I’ve long been inspired by the idea of velocity, and that everything has its own velocity, which is defined by capacity.

“There is an appropriate velocity for water set by geology, soils, vegetation, and ecological relationships in a given landscape. There is an appropriate velocity for money that corresponds to long-term needs of communities rooted in particular places and to the necessity of preserving ecological capital. There is an appropriate velocity for information, set by the assimilative capacity of the mind and by the collective learning rate of communities and entire societies. Having exceeded the speed limits, we are vulnerable to ecological degradation, economic arrangements that are unjust and unsustainable, and, in the face of great and complex problems, to the befuddlement that comes with information overload.”

David Orr (quoted in Woody Tasch’s  Inquiries into the Nature of Slow Money)

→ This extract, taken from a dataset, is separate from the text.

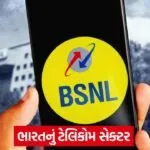 bsnl 54 1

So this idea, shared by Minna Salami, over at advaya.co, that we need to pair our scientific attitude to the world, with a Poetic Attitude, naturally appealed to me. It also made me think of Leigh Joseph and Robin Wall Kimmerer and some of the writers who have altered my thinking so profoundly about the natural world, because they bring science and poetry together. They offer both – a dance between the scientific and the poetic, that creates some kind of emergent space, that brings things to life in a new way.

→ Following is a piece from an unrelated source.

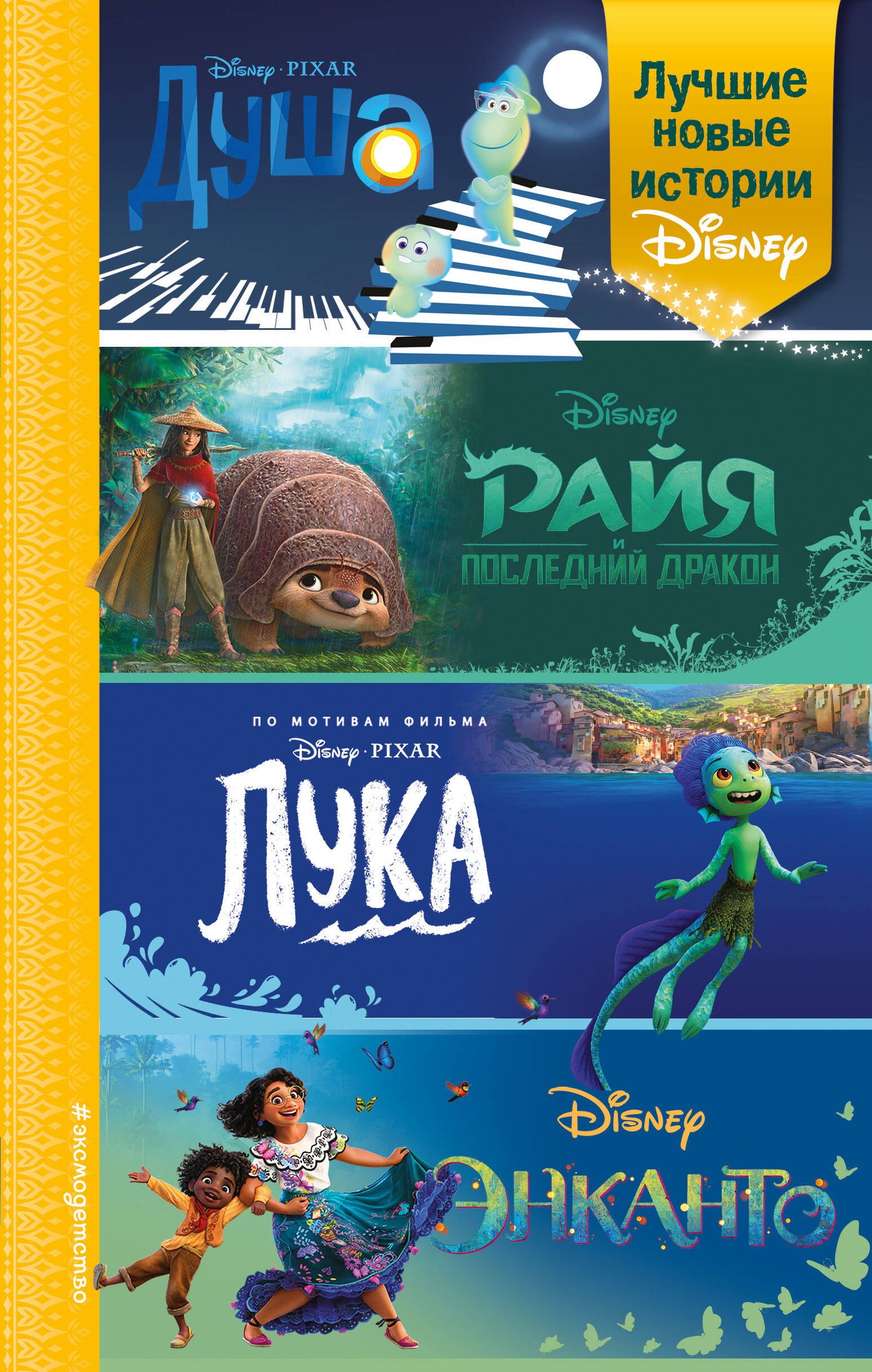 

Лучшие новые истории Disney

Whenever philosophers, thinkers, activists, artists, people who are engaged with social commentary, try to analyze the many problems that we face in the world, they typically say that there’s a problem with the system: the institutions that shape our lives, and structures like white supremacy, patriarchy or classicism. Of course that’s true, but on a deeper level, I’m arguing that the problem is knowledge itself. Intellectual institutions keep producing the same problems over and over again. When we have new technologies, new conversations or new institutions, we reproduce the same problem. The internet and social media held so much promise when they first launched; people truly believed they were going to transform society. But what we see now is that we not only reproduced, but even have increased many of the same problems that already existed. That is because the very intellect and knowledge systems, the way of knowing that underpins these technologies, is flawed, divisive, and robotic. It is lacking in soul. Euro-patriarchal knowledge separates between things that should be in conversation with one another. We need the scientific attitude, but we also need the poetic attitude. A poetic attitude means to be present. When you read a poem, you are inevitably going to be present. A poem always brings you to the present moment, it brings you into a space where you can observe in whichever way you need to observe, whether it’s critically or compassionately or intimately. This presence is an awareness that the scientific attitude doesn’t cultivate.

“I have an image for the time we are living in. It’s like being in a house that is rectangular shaped and very long, and on both ends of the house, there is a window. If you look out of one window, you see a beautiful park, maybe a city or urban landscape, you see something that’s quite compelling. You’re drawn to that. But then if you look out at the other window, you see a fire, you see a tremendous breaking down and social anomie. 

There’s quite often this incentive to just look from the one window at the beautiful view and focus on that inner world that can be cultivated in that space, while the other side is on fire. Whereas with this image in mind, you’re brought into the present and what the present looks like. Yes, there is beauty, and it’s very important that we do beauty and we evolve internally. But it’s also very important that we are aware of the suffering around us and the ways that we are being encouraged to become blind to that suffering.

That is precisely why the euro-patriarchal knowledge is more than just a formulaic approach, it has an agenda. That agenda is to make us blind to the suffering in order for euro-patriarchal knowledge to continue to dominate and thrive. If euro-patriarchal knowledge is blinding us with its whitewashing, obscuring, and perpetuating propaganda that biases European Eurocentric maleness, then bold thinking is speaking truth to power and not allowing it to espouse lies.”